Heightened security at Bodh Gaya temple hits mid-day meals of kids in nearby school
Security and traffic restrictions imposed whenever VIPs visit Mahabodhi temple in Bodh Gaya in Bihar occasionally force the children in a nearby school to go hungry.
After the Indian Mujahideen triggered a series of blasts at the temple in July this year, security measures around this world-famous Buddhist pilgrimage site have been strengthened. Five people were killed in the blasts.
The school, in Mastipur, half a kilometre from the temple, has 99 students aged between six and 12, belonging to the poorest of the Dalit families. The meals, which encourage the poor families to send their wards to school, have become the casualty of the heightened security.
At times, traffic restrictions do not allow commercial vehicles, including pick-up vans carrying cooked mid-day meals, beyond the traffic barrier a kilometer from the temple. This happens especially during VIP visits to the temple or in the event of security alerts.
On December 2, the children were not given the meal. The same day Bihar assembly speaker Uday Narayan Choudhury was to inaugurate the International Tipitaka Chanting Ceremony.
In the wake of the largest post-blast international congregation of Theravada Buddhists, attended by 3000-odd monks, security bandobast was unusually tight.
Later in the evening, ambassador of France in India Francois Richier was also temple bound.
In fact, the schoolchildren did not get meals even on July 8, a day after the blasts, when security had been tightened. Again on July 10, they went hungry when Union home minister Sushil Kumar Shinde visited the blast sites along with Congress president Sonia Gandhi and party leader Ambika Soni.
School principal Kaushalendra Prasad said, “Sixty of our children, who attended school on December 2, did not get mid-day meal, as it was not supplied.”
The Ekta Shakti Foundation, a Delhi-based NGO, is responsible for the supply of cooked mid-day meals to children in 162 schools of Gaya. Given the proximity of the Mastipur school to the Mahabodhi temple, it is always challenging for the NGO to convince the dodgy cops for a smooth passage to the school during a VIP visit to the temple.

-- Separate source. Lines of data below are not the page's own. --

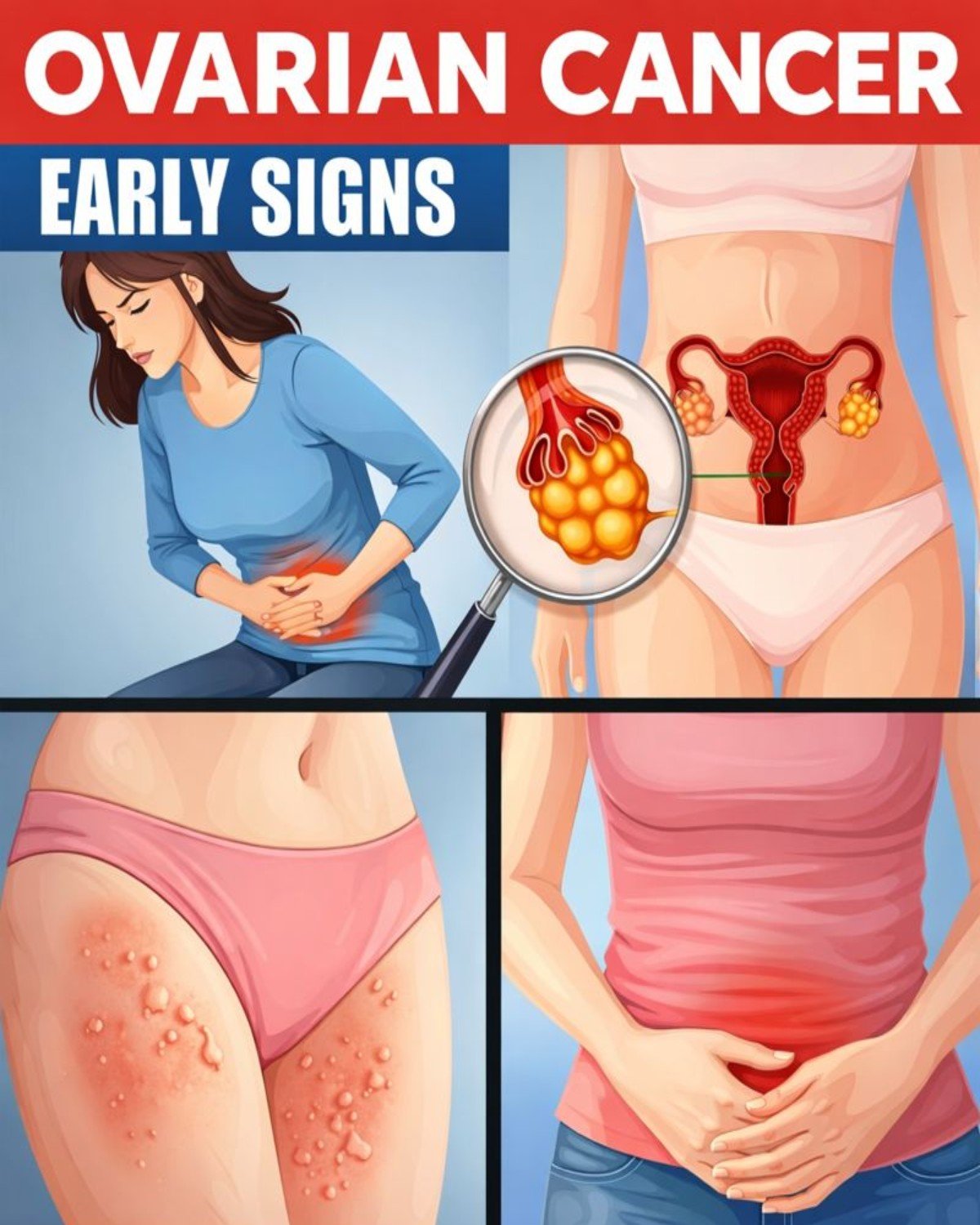 8 Signs of Ovarian Cancer Every Woman Should Watch For – Knowledge That Could Make a Difference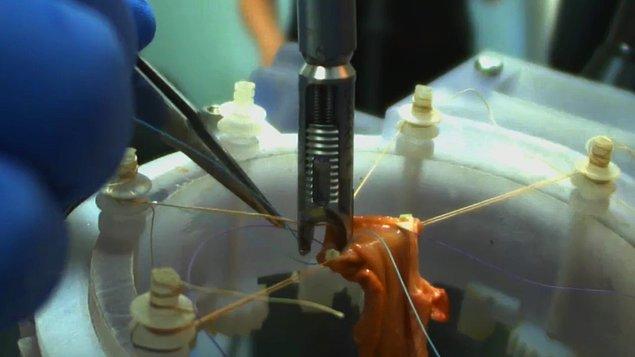 Cerrahlar, parçalanmış ya da delinmiş organları onarmak amacıyla yaraları kaynaştırmak için cerrahi zımba, dikiş ipleri ve telleri kullanırlar.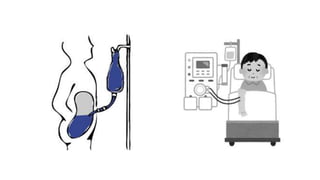 La diálisis peritoneal como opción dialítica.pptx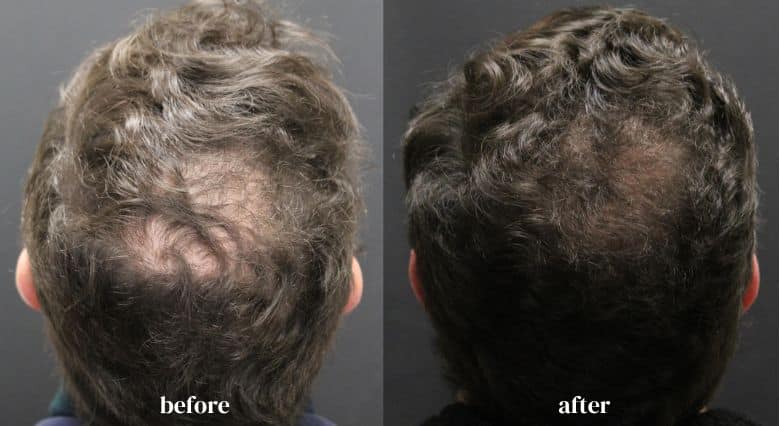 alma-ted-hair-restoration-riverside-medical-chicago-il-before-and-after-images-4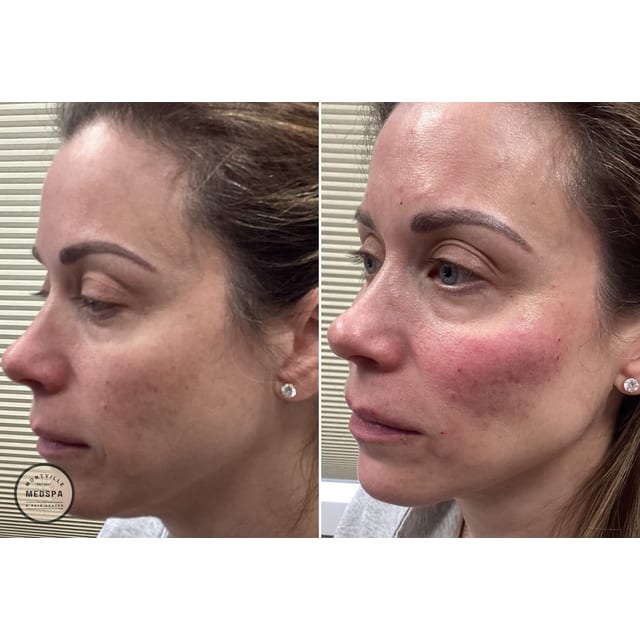 Before and after: filler – cheeks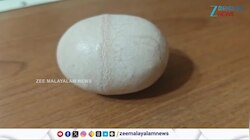 Egg Shell Issue: തോട് വെൽഡ് ചെയ്ത കോഴിമുട്ടയോ?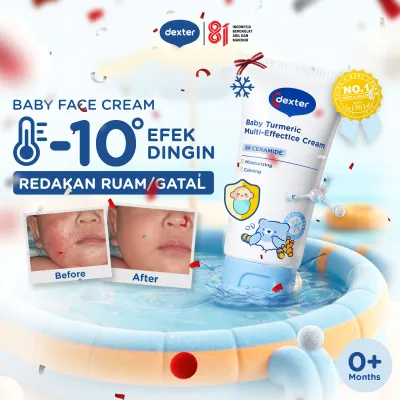 [PRE-ORDER] Dexter Baby Turmeric Multi-Effect Ice Face Cream 50 gr | Membantu Meredakan Ruam Pipi & Gatal-Gatal | dengan 5X Ceramide dan Panthenol | Memperkuat Skin Barrier Kulit Wajah Bayi yang Sensitif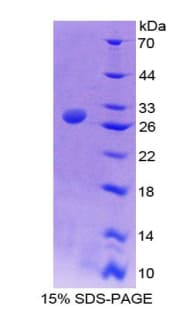 Human NUP50 Protein (Recombinant His-T7)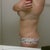 5 weeks 3 days. rt side again you can see the fatty part.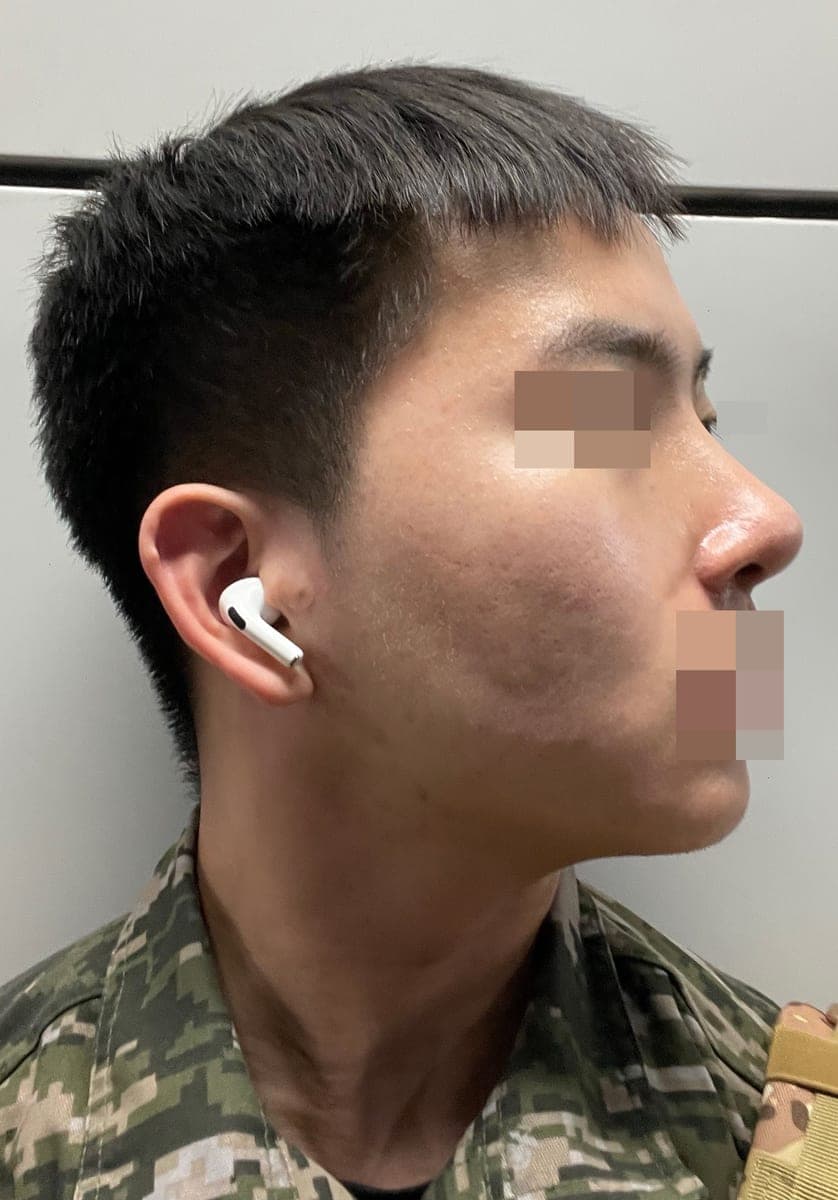 Kasus ujung bulbous dan ujung hidung sekaligus
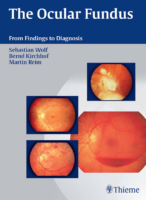 The Ocular Fundus From Findings To Diagnosis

Chief coordinator Sanjay Gupta Parmendra Prasad partially blamed the cops.
“Our vehicle, carrying cooked meal, was not allowed to pass through the traffic barrier on December 2. At times, I have to reason out with cops and even make them speak to the school principal on my mobile phone (the principal testifies to this), leading to delay. Even traffic snarl-ups add to our worries,” said Prasad.
Deputy collector and district in-charge for mid-day meals Mohammad Shafique said the NGO has not informed the administration about the problem.
“If this is the case, we will issue special and priority vehicle passes for their vans, but the NGO first needs to inform us in writing,” Shafique said.